File ingestion prefix structure

Sterling Intelligent Promising uses a structured prefix system to organize files during the ingestion process, enabling efficient tracking, error handling, and cleanup. Each prefix plays a distinct role in managing the lifecycle of ingested files, helping to trace issues, monitor progress, and maintain optimal storage requirements.

You must understand the following prefixes that are created automatically by Sterling Intelligent Promising:

/summary

The summary json file contains statistical data that relates to the file ingestion process. The file is uploaded to the summary prefix location in the source bucket.

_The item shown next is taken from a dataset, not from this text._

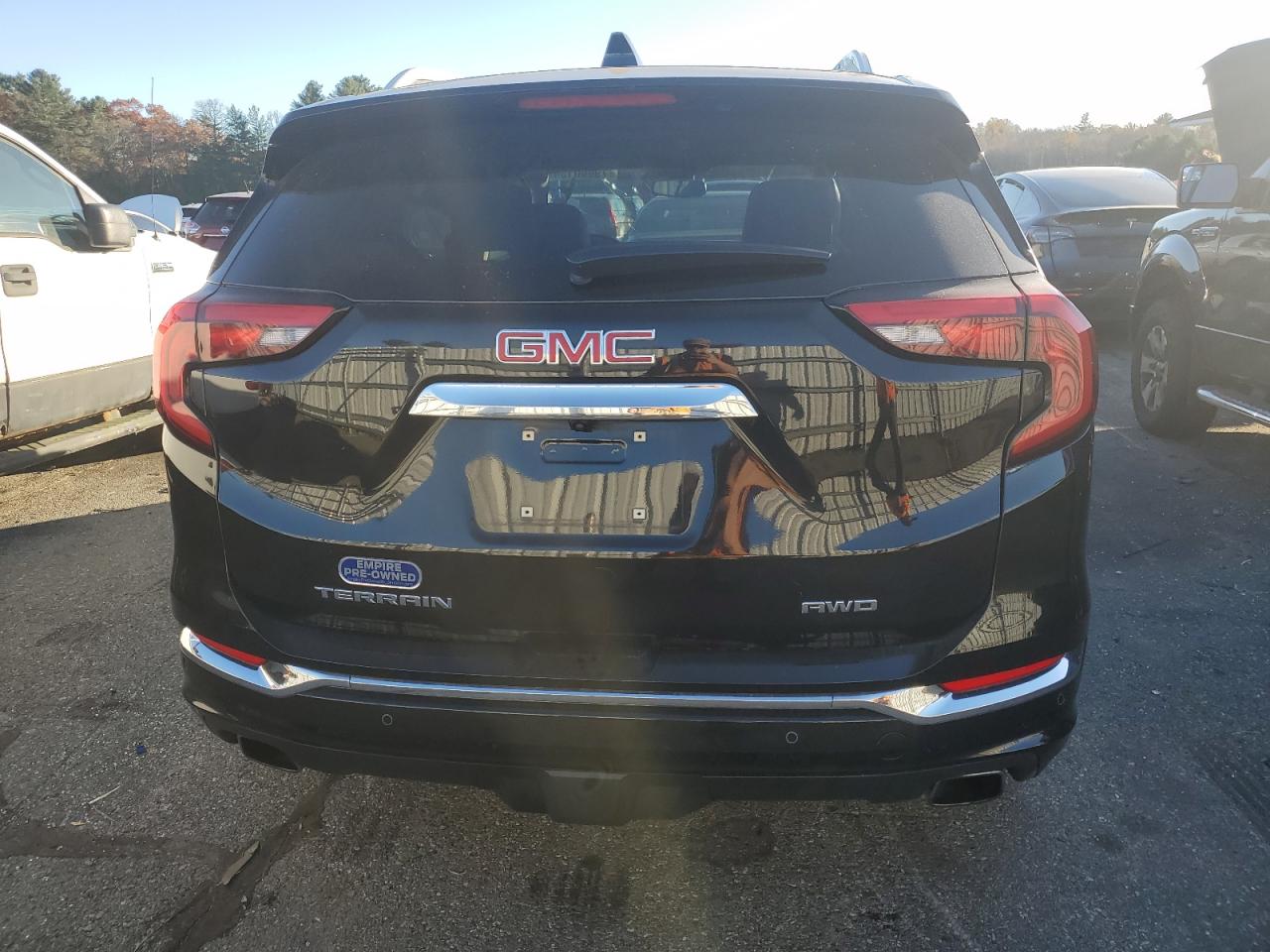 2019 GMC Terrain - Image 6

Review the following example of a summary file.

{
	  "date" : "2024-09-27",
	  "tenantId" : "us-f226da3c",
	  "fileType" : "item.ingest",
	  "producer" : "external-application",
	  "ingestRuleId" : "sip-premium-item.ingest-rule",
	  "ingestSchemaId" : "item.ingest-202404",
	  "bucketName" : "sip-integration-test-automation",
	  "fileKey" : "us-f226da3c/UPLOAD/ITEM/items.csv",
	  "consumer" : "sip-catalog",
	  "fileTransformStartTime" : "2024-09-27T15:02:28.512Z",
	  "rowsFailedSchemaVal" : "1",
	  "failedRowsFileKey" : "us-f226da3c/failed/sip-catalog/UPLOAD/ITEM/240927T150228570_items_failed_rows.csv",
	  "failedReasonsFileKey" : "us-f226da3c/failed/sip-catalog/UPLOAD/ITEM/240927T150228600_items_failure_reasons.txt",
	  "rowsTransformed" : "4",
	  "fileTransformEndTime" : "2024-09-27T15:02:28.818Z",
	  "fileExchangeStartTime" : "2024-09-27T15:02:28.830Z"
	  "eventPayloadBatchSize" : "1",
	  "fileExchangeEndTime" : "2024-09-27T15:02:28.881Z",
	  "completedFileKey" : "us-f226da3c/completed/UPLOAD/ITEM/240927T150228881_items.csv"
	}

In this example, the fileKey represents the original file key.

When a failure occurs, information is provided about the following:

failedRowsFileKey: The file key for the failed rows file.
failedReasonsFileKey: The file key for the failure reasons file.

/completed

All files that completed processing. It is important to clean up the completed files routinely to minimize the storage requirements on IBM Cloud® Object Storage.

/failed

When rows in an input CSV file fail to process, they are written to a separate CSV file and uploaded to the failed prefix location within the source bucket. Also, a corresponding failure reasons file is generated and uploaded to the same location. This file lists the reason for each failure.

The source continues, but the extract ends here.